Mr Mitterrand was, in theory, presenting the priorities of France for the next six months, during which it will chair the EU. But in practice, he used his speech to sketch a broader view of European construction, putting forward once more the ideas he has been propagating for 14 years as one of Europe's most important statesmen. Alongside Helmut Kohl and Jacques Delors, Mr Mitterrand drove European integration.

He suggested a new agency to promote and support culture in central and eastern Europe, intended to reverse the years of decline under Communism. "The Union should take a major initiative to repair, especially in the cultural field, the damage done by their years of isolation," he said. This, above all, would show that "rather than eradicating national cultural identity, we are strengthening it".

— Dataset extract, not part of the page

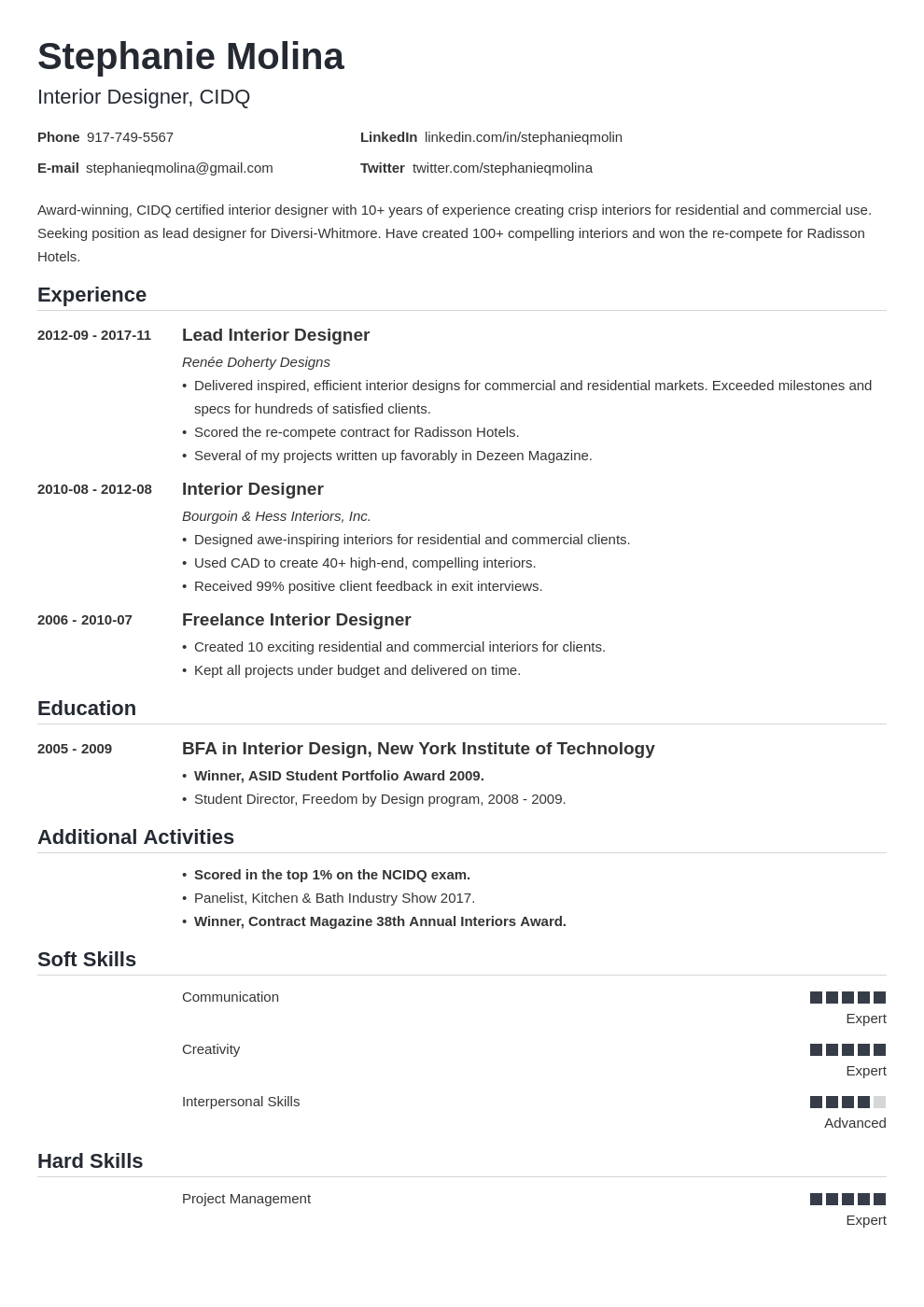 Interior Design Resume Examples [Guide, Skills & More]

Mr Mitterrand's speech was peppered with references to national and European culture. Minority languages should be strengthened, he said, picking out Gaelic as an example. The EU needed to protect European culture, he said, an obvious reference to the battle over quotas on foreign television programmes. Otherwise, he said, "what will happen to the expression of our soul?" This also meant finding ways of bolstering a sense of European identity. "We have to rediscover the places and objects that are within our common memory," he said.

Mr Mitterrand is ill, dying even, yet he stood at the podium and spoke for 45 minutes. He won a standing ovation, and the undivided attention of a full chamber for an elegant discussion of state, nation and Europe.

In opposition to the neo-liberal spirit of the age until the last, Mr Mitterrand reserved his strongest phrases for Anglo-Saxon economics. "Markets are only means," he said. "They are too often dominated by the law of the jungle: the strongest wins out."

Mr Mitterrand's speech was packed with references to the social dimension of Europe, to the importance of public services and trade unions. "I won't hide that I think we should have gone further at Maastricht: we should have incorporated the whole socialcharter," he said.

The President finished with a sombre phrase. "Nationalism is war," he said. "War is our past. It can also be our future."